> _Material shown_:
-- -- --
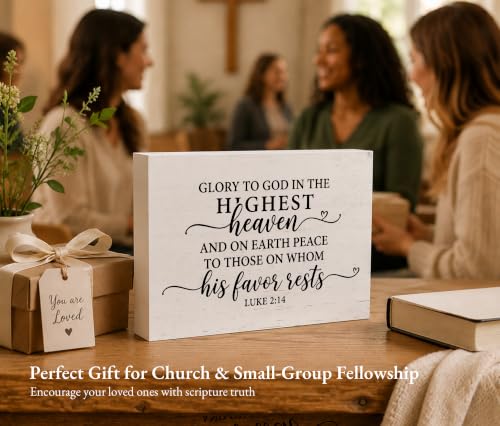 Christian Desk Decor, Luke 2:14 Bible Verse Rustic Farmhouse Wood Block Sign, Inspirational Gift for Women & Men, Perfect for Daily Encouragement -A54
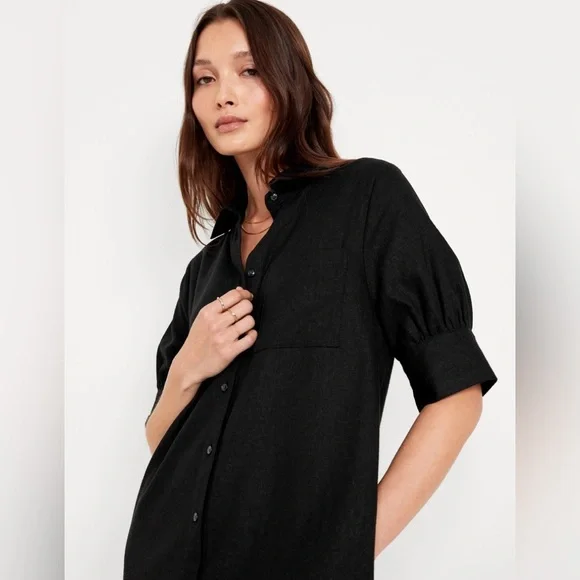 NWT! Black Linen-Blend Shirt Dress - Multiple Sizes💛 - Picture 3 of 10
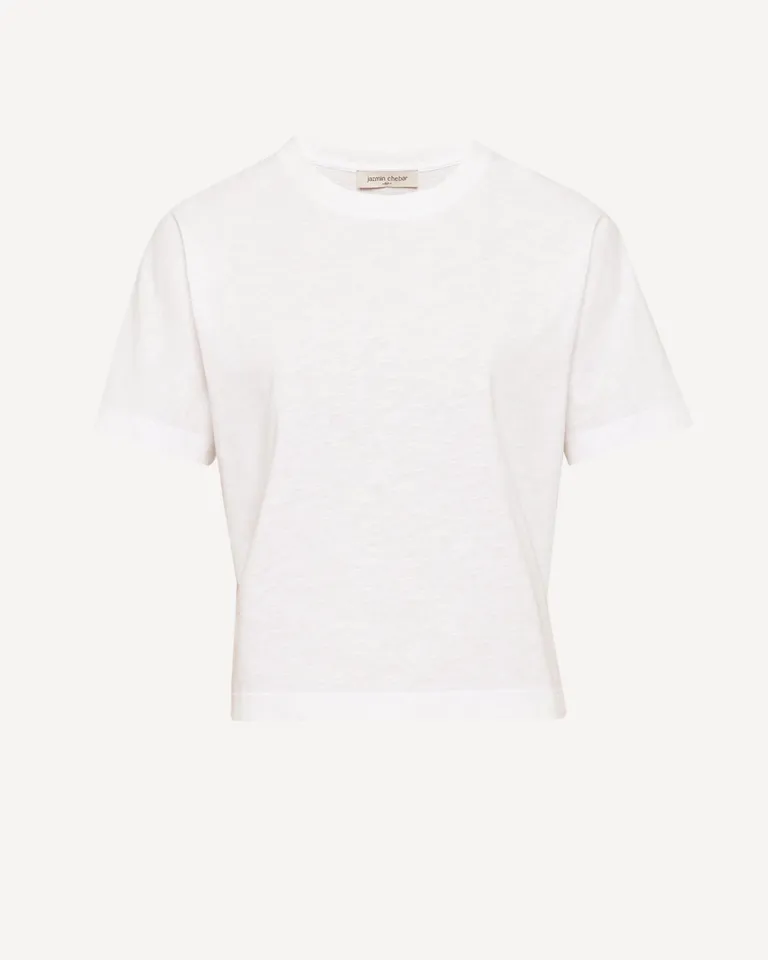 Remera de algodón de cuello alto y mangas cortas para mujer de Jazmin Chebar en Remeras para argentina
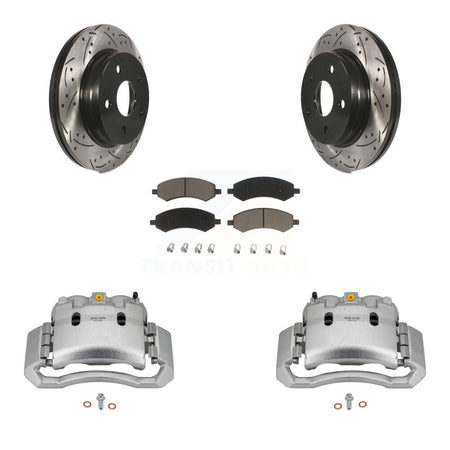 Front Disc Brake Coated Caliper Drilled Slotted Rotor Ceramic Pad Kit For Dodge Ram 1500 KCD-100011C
-- -- --
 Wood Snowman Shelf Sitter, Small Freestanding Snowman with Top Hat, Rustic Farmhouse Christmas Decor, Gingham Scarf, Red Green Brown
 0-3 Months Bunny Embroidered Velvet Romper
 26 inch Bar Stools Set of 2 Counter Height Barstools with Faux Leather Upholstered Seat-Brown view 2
-- -- --
Exact repeat of the material above: every line from the one with "Christian Desk Decor, Luke" through the one with "Front Disc Brake", endpoints included, and nothing more. No pictures.

 Christian Desk Decor, Luke 2:14 Bible Verse Rustic Farmhouse Wood Block Sign, Inspirational Gift for Women & Men, Perfect for Daily Encouragement -A54
 NWT! Black Linen-Blend Shirt Dress - Multiple Sizes💛 - Picture 3 of 10
 Remera de algodón de cuello alto y mangas cortas para mujer de Jazmin Chebar en Remeras para argentina
 Front Disc Brake Coated Caliper Drilled Slotted Rotor Ceramic Pad Kit For Dodge Ram 1500 KCD-100011C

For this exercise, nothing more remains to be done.